What this teaches: the server-side limits on Dango HTTP and WebSocket endpoints, and how to shape Rust client code around them.

The limits

SurfaceLimitNotes
HTTP (GraphQL + REST)167 requests per 10 seconds, per source IPBursts above this return HTTP 429.
WebSocket subscriptions30 concurrent subscriptions per connectionEach Session counts as one connection.

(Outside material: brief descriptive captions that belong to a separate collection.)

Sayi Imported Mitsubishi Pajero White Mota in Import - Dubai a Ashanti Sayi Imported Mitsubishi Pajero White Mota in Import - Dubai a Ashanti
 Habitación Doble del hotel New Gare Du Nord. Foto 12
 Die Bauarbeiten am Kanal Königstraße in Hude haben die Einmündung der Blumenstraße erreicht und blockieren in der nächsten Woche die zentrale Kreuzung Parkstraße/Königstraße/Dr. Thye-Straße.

These are server-enforced. The SDK has no built-in retry, queueing, or rate-limit awareness.

Handling 429 on HTTP

The standard call shape is Result<T, anyhow::Error>. A 429 surfaces as error_for_status text inside the anyhow::Error. Wrap calls with an exponential backoff helper:

use {
    anyhow::Result,
    dango_sdk::HttpClient,
    grug::BlockClient,
    std::time::Duration,
    tokio::time::sleep,
};
 
async fn with_backoff<F, Fut, T>(mut op: F) -> Result<T>
where
    F:   FnMut() -> Fut,
    Fut: std::future::Future<Output = Result<T>>,
{
    let mut delay = Duration::from_millis(100);
    for _ in 0..8 {
        match op().await {
            Ok(v)  => return Ok(v),
            Err(e) if e.to_string().contains("429") => {
                sleep(delay).await;
                delay = (delay * 2).min(Duration::from_secs(10));
            }
            Err(e) => return Err(e),
        }
    }
    op().await
}
 
async fn run(http: &HttpClient) -> Result<()> {
    let block = with_backoff(|| async { http.query_block(None).await }).await?;
    println!("height: {}", block.info.height);
    Ok(())
}

For richer policies (jitter, retry-after parsing) reach for backon or tokio-retry — both are async-aware and Result-friendly.

Sharding subscriptions

The 30-per-connection cap is hard. Open multiple Sessions when more streams are needed:

use {
    anyhow::Result,
    dango_sdk::{Session, WsClient},
    futures::future::try_join_all,
};
 
async fn open_shards(url: &str, count: usize) -> Result<Vec<Session>> {
    let client = WsClient::new(url)?;
    try_join_all((0..count).map(|_| client.connect())).await
}

Each Session is independent: a server-side reset on one connection does not affect the others. Route subscriptions to shards by content (e.g. SubscribeTrades by pair) so a single shard reset only disrupts part of the stream set.

Avoiding hot-poll loops

The tx-sync broadcast flow polls search_tx until the transaction is included. Tight loops eat the HTTP budget — sleep between attempts:

use {
    anyhow::Result,
    dango_sdk::HttpClient,
    grug::{Hash256, SearchTxClient},
    std::time::Duration,
    tokio::time::sleep,
};
 
async fn wait(http: &HttpClient, hash: Hash256) -> Result<()> {
    for _ in 0..40 {
        if http.search_tx(hash).await.is_ok() {
            return Ok(());
        }
        sleep(Duration::from_millis(500)).await;
    }
    anyhow::bail!("tx {hash} not included within 20 s");
}

Prefer a subscription (SubscribeTransactions) when watching many transactions at once.

Reusing HttpClient

HttpClient wraps a reqwest::Client which holds a connection pool. Cloning shares the pool. Avoid HttpClient::new per request — it spins up a fresh reqwest::Client each time and skips connection reuse.